I began dating etc...met great guy...like him...hell I love him really...very nice, easy to deal with, loves me and my son. Divorce not even done...i'm doing it my self so that should tell you that I don't have money to hire lawyer. Child support already in motion to start etc...then BOOM after begging for family back, pleading for funds for my son (won't even go there its just sad), supporting hubby no matter WHAT...I get a text from hubby (after many of ignored ones wanting to get back etc..) that he is finally willing to GIVE up job out-of-state, sell home from he and ex, and misses wife and son...wants to come back...

You guys know the story from here...WHAT TO DO??? 

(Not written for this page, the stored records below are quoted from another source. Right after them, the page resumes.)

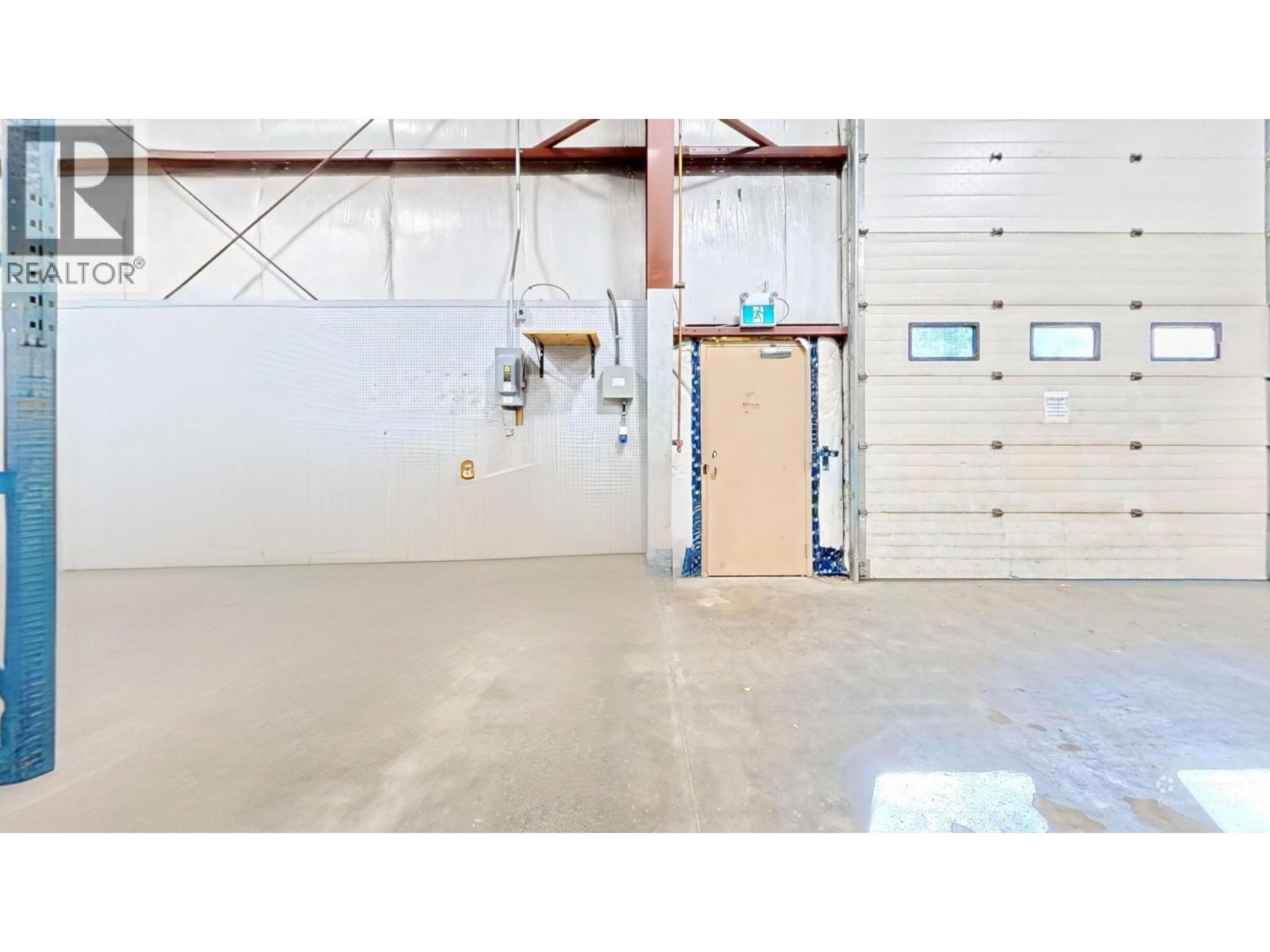 Photo 20 of 27 — 5500 CONTINENTAL WAY · Prince George, BC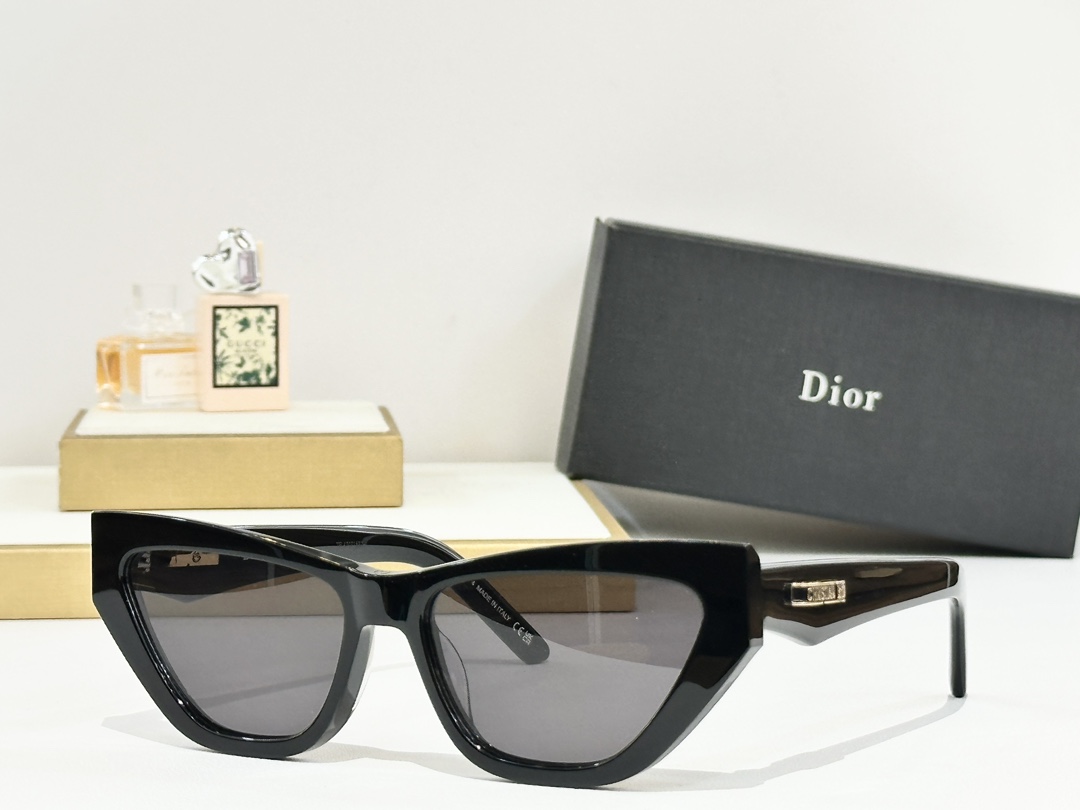  DIOR
MOD：CDior B6IXR
Size：56口16 140
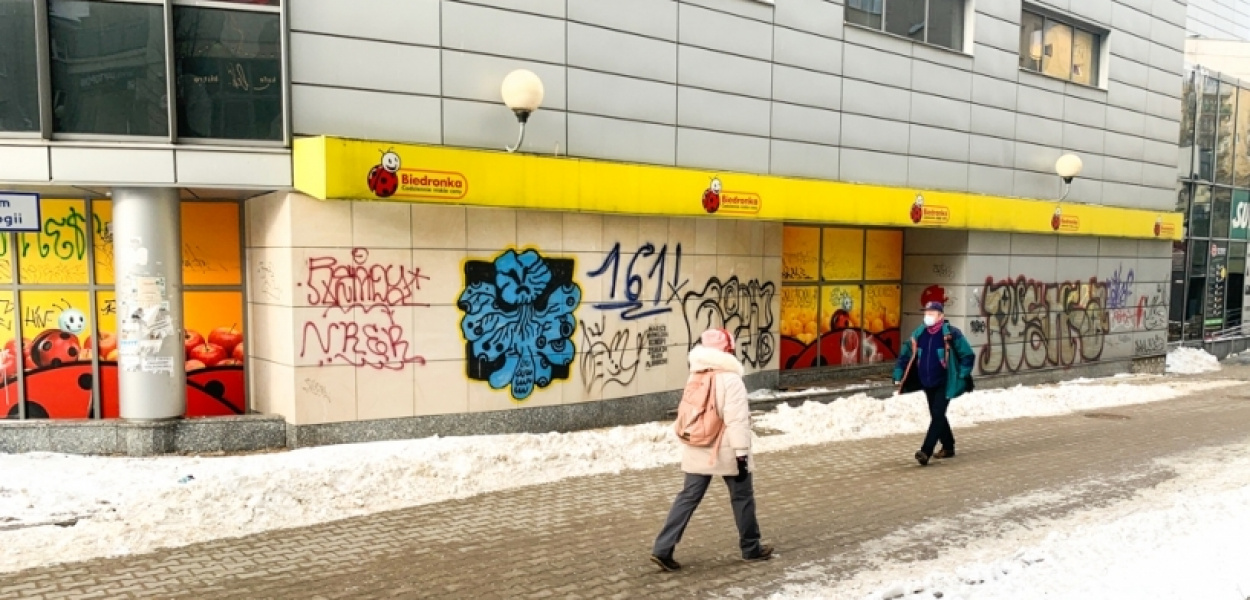 "Biedronka" weźmie się za pseudograffiti w pasażu przy metrze. "Miejsce zmienia si
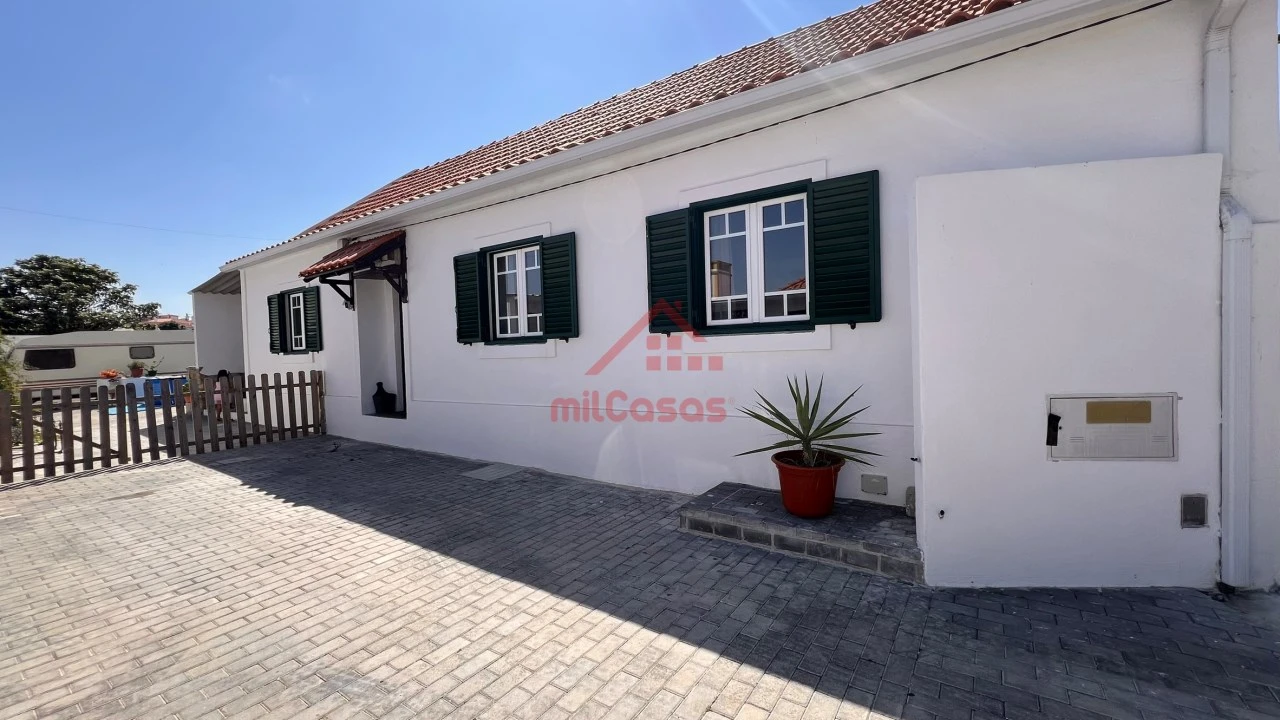 Moradia T2 para Venda em São Pedro da Cadeira Foto 24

Son deserves family...I've healed my heart and have no more love...just mutual patience...Should I stay or should I continue forward?

Better the devil I know then the one I don't???


----------



## SaltInWound (Jan 2, 2013)

Let me get the facts straight. Correct me if I am wrong.

Your husband was AD military stationed overseas.
His ex-wife was AD military living overseas.
Their kids were living with them.
You were stateside with the child you share with your husband.

Why were you not in Germany with him? Did he make an excuse that you could not be there? I see so many red flags in this story. The deception is so runaway that it goes deeper than just average infidelity, plus you are dealing with criminal charges. I have dealt with something about as horrible while living overseas and my husband left me homeless. My advice is tell your husband to take a hike, but I understand it is easier said than done. I wish you luck.


----------